The Navy is not the first service to make a major change to try to increase its recruiting pool this year. During the summer, the Army briefly approved a plan to allow some recruits into the service without a high school diploma before backtracking within a month amid public criticism of the move. Later in the fall, the Army opened a pilot program at Fort Jackson, S.C., aimed at coaching potential soldiers to improve their military entrance exam or physical fitness test scores. Service leaders have said the program has proved successful and expect to expand the program soon to other locations, including Fort Benning in Georgia.

The Navy’s recruiting policy change is considered a pilot program, and it will be reevaluated at the outset of fiscal 2024, which begins Oct. 1, Benham said.

While Walker approved enlisting up to 7,500 Category IV recruits — 20% of its recruiting goal, the maximum Pentagon policy allows — leaders anticipate only needing to accept about 2,000 recruits in that low-testing category, according to a Navy official.

The policy shift means some Navy hopefuls who score poorly on the AFQT will be accepted into the service, but many of them will not.
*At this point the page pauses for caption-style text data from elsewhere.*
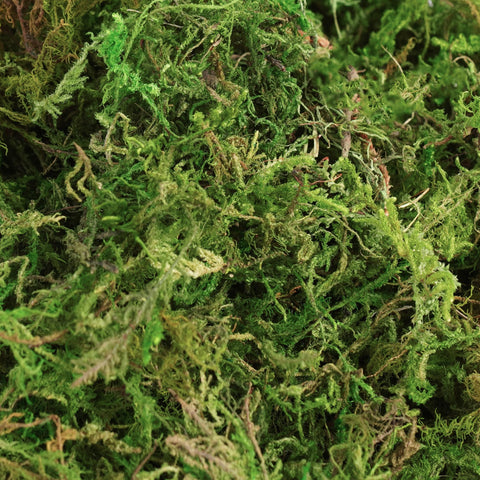 BYHER moss used in a large urn planter offering instant no-maintenance greenery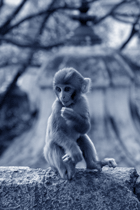 Malý makak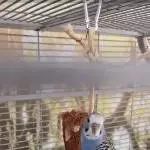 4 Wellis abzugeben Bild 1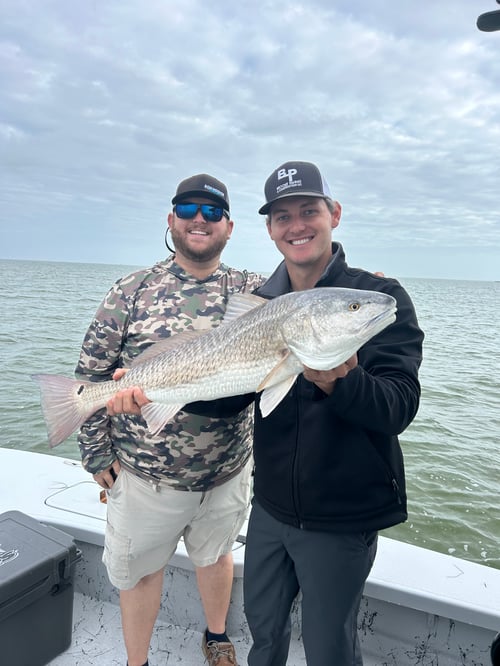 Half day live bait trip 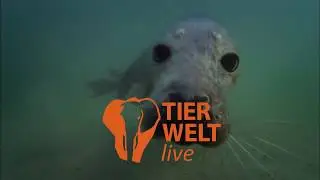 Tierwelt Live - Sender für Tierliebhaber und Naturfreunde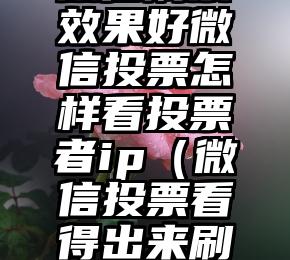 简单的来说下微信投票人工怎么刷票（微信纯人工投票）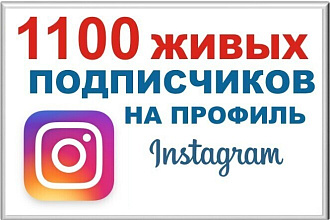 1100 качественных живых подписчиков на профиль в Instagram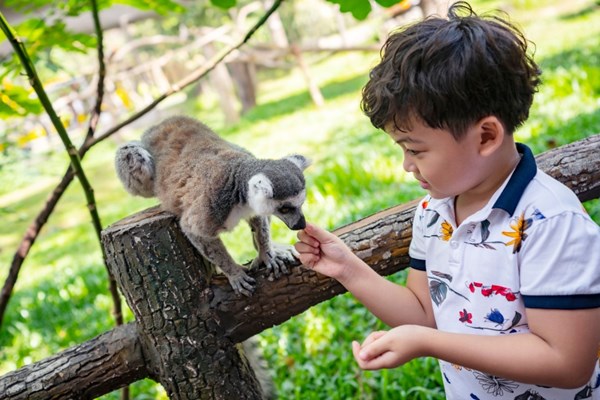 Vinpearl Safari đăng cai tổ chức hội nghị bảo tồn và phúc trạng động vật lớn nhất Đông Nam Á - Anh 7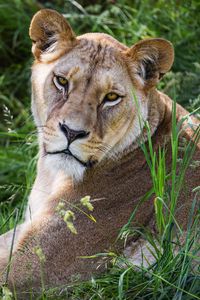 Preview wallpaper lioness, glance, grass, animal, predator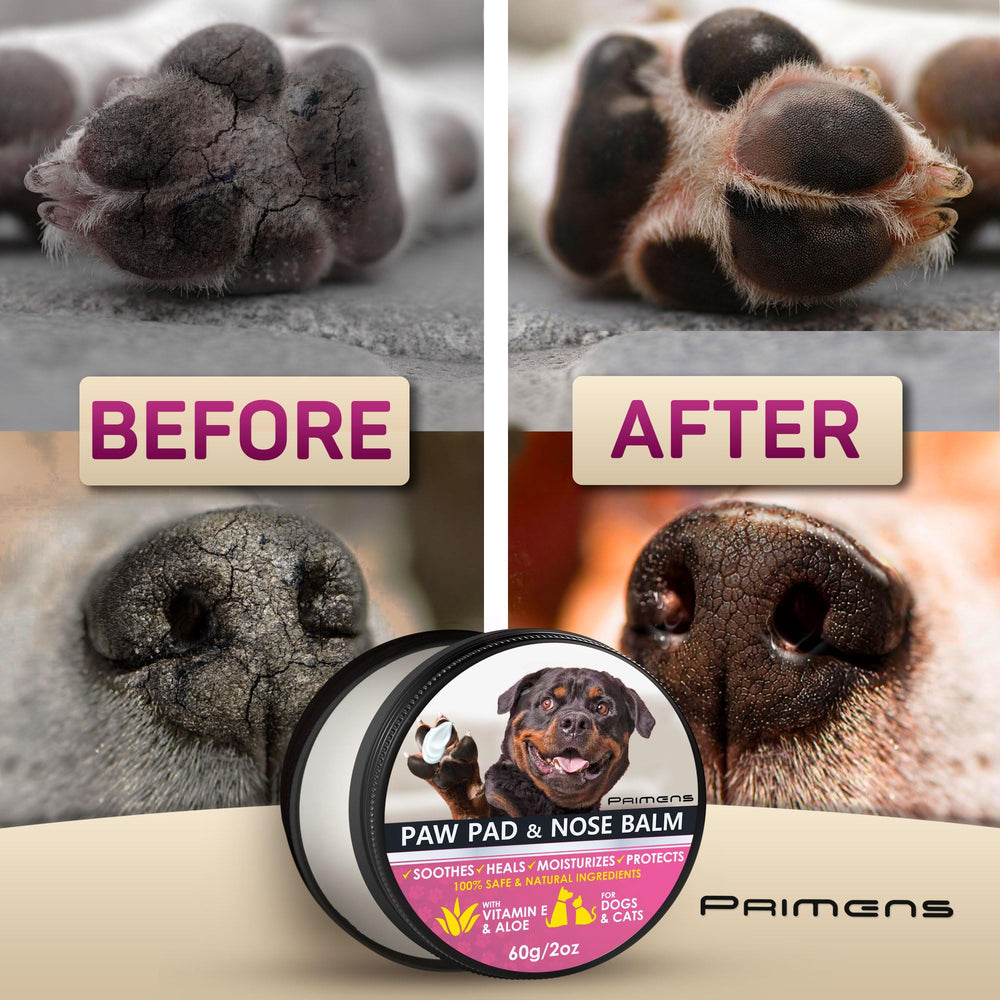 Application du baume Primens sur la patte d'un chien, protection avant promenade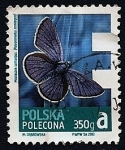 Sellos de Europa - Polonia -  Mariposas - Falsa limbada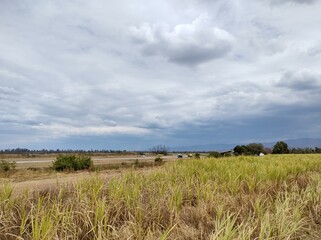clouds over the field
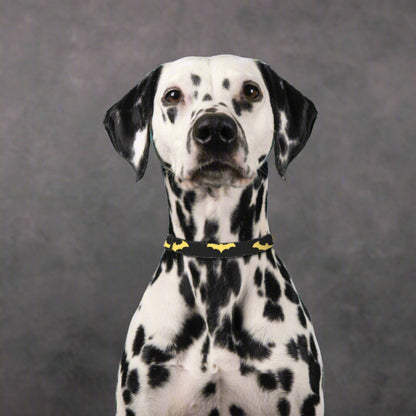 Who's your Superhero? Pet Collar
Benham said those who score in Category IV on the AFQT must still score highly enough on other portions of the military entrance exams to qualify for a specific career field in the Navy.

The AFQT is only a portion of the military’s overall entrance testing known as the Armed Services Vocational Aptitude Battery, or ASVAB. The ASVAB consists of 10 different line scores that help the military determine the jobs that a prospective service member is qualified to do. The AFQT ranks an individual’s eligibility to serve against the scores of other recent test-takers.

Benham said Tuesday that the Navy will not change its requirements for ASVAB line scores or adjust scores needed to qualify for any of its jobs. Score requirements also cannot be waived, he said, meaning those who do not qualify for any job cannot enter the Navy under any circumstance.

Navy officials dismissed the idea that accepting Category IV recruits would lower the service’s talent pool. Benham pointed to the ASVAB line score requirements, saying “everyone who comes in under this policy change will be fully qualified” to serve in the Navy. The change simply gives those who scored lower than their peers on the AFQT but still scored well enough to merit serving in a Navy job a new “opportunity to serve,” he said.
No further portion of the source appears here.